Britain accused of secret scheme to create asylum camps in the Balkans

British proposals to create Balkan asylum camps have come under sharp attack in Albania where local media have accused the Foreign Office of developing secret plans for a facility near the border with Kosovo.

Britain's ambassador to Albania, David Landsman, visited Kukes, a remote mountain town, last week to inspect potential facilities, according to a television news report on the widely watched Top Channel.

The UK Government has controversial plans to cut the number of applications for asylum in Britain by 50 per cent by the end of the summer using holding centres outside the rim of the European Union to deter bogus claimants.

Albania's two main daily newspapers, Shequelli and Corriere, claimed that British authorities want to refurbish derelict camps left over from the refugee crisis that followed Nato's bombing campaign in Kosovo in 1999.

When contacted by The Independent, Mr Landsman denied the existence of any plans for Kukes or any other site in the country. "There is no specific Albanian element to this story," he said. Diplomats confirmed Albania is among a list of possible locations for a pilot scheme but said no official discussions had taken place with the Albanian government and no proposal was likely to be made soon.

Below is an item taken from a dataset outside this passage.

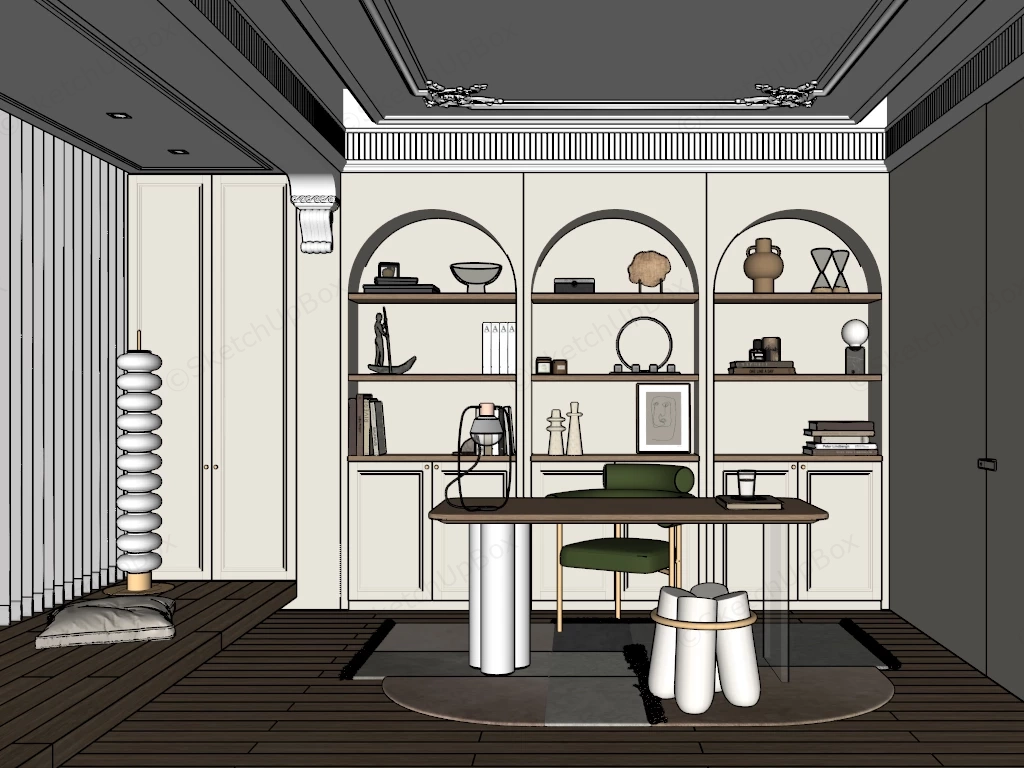 Modern White Home Office sketchup model preview - SketchupBox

Large sections of the local media remain unconvinced by British denials and attacked any potential proposals as insulting and unhelpful.

David Blunkett, the Home Secretary, first floated the Government's proposals at a press conference in February at which he announced numbers of asylum applications had hit a record 111,000 in 2002.

The idea was for "transit processing centres" in countries bordering the EU, such as Albania, Croatia and Ukraine, where refugees' claims would be scrutinised before they are allowed to return to Britain. Since then, the proposal has all but collapsed.

Despite the backing of several EU nations, they have also run into implacable opposition from Germany and Sweden. Amnesty International denounced the plans for "prison-like" camps as "morally flawed, legally dubious and close to unworkable".

Ahead of the EU leaders' summit in Greece today, Jack Straw, the Foreign Secretary, this week admitted the idea of transit camps just outside the EU were "not being actively considered ... at the moment".

More promising are the Government's plans to create "regional protection centres" in such areas as Iran, Somalia, Turkey and areas of the Third World where many refugees originate. This has won more widespread support with ministers in talks with other EU nations and the UNHCR over their practicality.

But Margaret Lally, acting chief executive of the Refugee Council, siad that the West must address the problems that cause people to flee their homes in the first place.

"We should not be passing our responsibility over to some of the poorest countries in the world, which are already supporting the majority of the world's refugees," she said.